His podcast is an ode to this relationship with music as an ever-present companion and basic priority in life – a sentiment which resonated with me and I imagine anybody who tunes in to the show. It is a sentiment which tapped into the zeitgeist too – in isolation across the world, people were drawn back to the songs, books and films that shaped them.

We recognised pieces of art as the conduits back to the moments that delight us and the memories that sustain us.

But for Jeffrey, starting the podcast wasn’t just about diving into nostalgia, but rather was a project to stay present. It is a project to keep his mind active, keep connected to Mick, as well as to the things they both love most.

And anybody who would argue that there’s something self-indulgent about recording yourself talking about these things, will soon find a rare generosity in Jeffrey’s podcast.
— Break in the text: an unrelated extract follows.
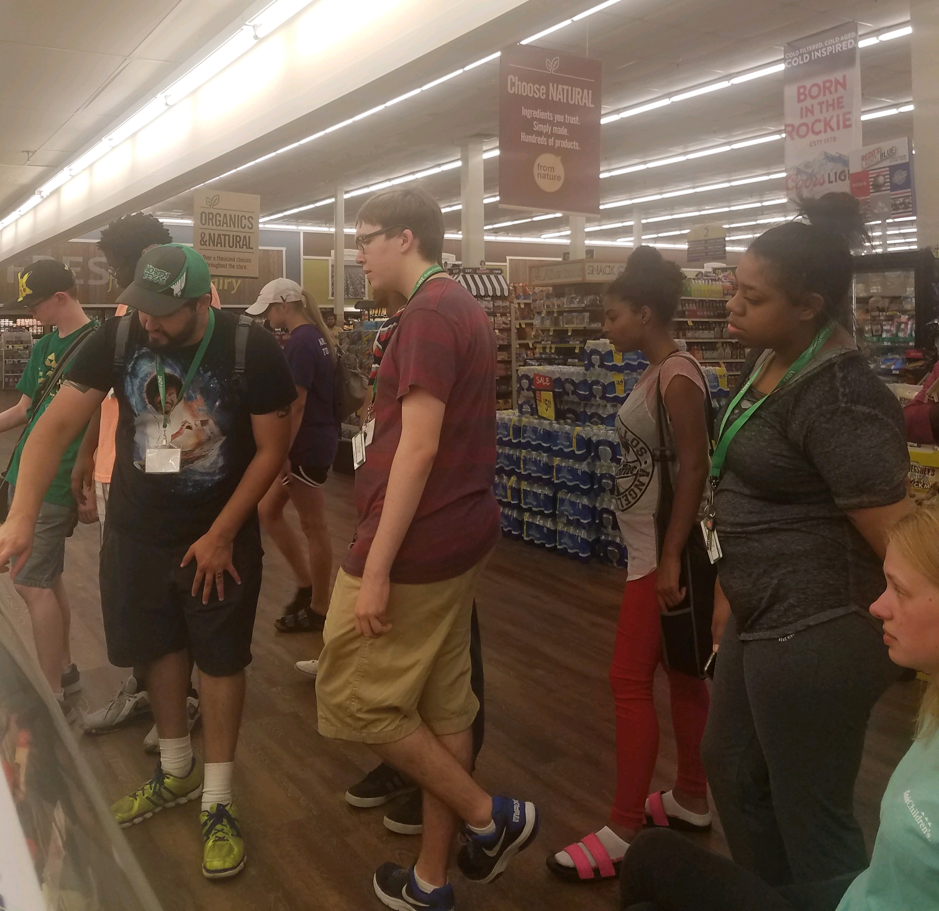 Group of participants at a grocery store, looking at food.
In a particularly alienating period, he and Mick are offering up a wealth of shared experiences, humorous anecdotes and facts. Did you know that Monty Python’s Life of Brian was almost singularly funded by George Harrison? I certainly did not.

He talks in complete awe about the opening moment to Queen ’s show at the Hordern Pavillion, the thrill of seeing Freddie Mercury’s silhouette and hearing the opening line to ‘Bohemian Rhapsody’.

There seems something inherently giving about documenting and sharing this moment, without presupposing who might stumble upon Jeffrey’s recollection, who themselves might remember that same extraordinary night in 1976. It’s an often uncelebrated kind of generosity that J.D Salinger noticed in his short story Franny and Zooey. One of his young characters is disillusioned by her work on a family radio show, and her older brother tells her to “do it for the Fat Lady”. This is an imagined, unknown woman, sitting alone on her porch in Midwest America who tunes into their show every week because she finds solace and entertainment in it. “There’s isn’t anyone out there who isn’t the Fat Lady”, says the brother – and it’s the same part of ourselves that Jeffrey the ‘Phatman’ is talking to.

The ‘Fat Lady’ in Jeffrey’s story is somebody who also remembers that Queen show, or who can also attest to just how sticky the carpet is at the Enmore Theatre from all the beer spilled over all the years.

It’s somebody who will also never forget the songs their parents played for them in the car when they were kids, somebody who watched Countdown every Sunday or waited as impatiently as my dad would, for the NME magazines and new records to be shipped over from the UK. Or somebody who – maybe like Jeffrey – begged their mum to let them skip school to watch the Monkees ’ plane touch down in Sydney.

One final bit of music trivia that Jeffrey shares is this: when the Beatles made their TV debut on the Ed Sullivan show, it was to date the most watched programme in history. What fewer people know is that the cast of Oliver were also performing that evening. Waiting in the wings was one of the young performers named Davy Jones who would himself go on to be the lead singer of the Monkees – a band which were a direct product of the Beatles’ success, and who were very deliberately shaped in their image. A band good enough to skip school for.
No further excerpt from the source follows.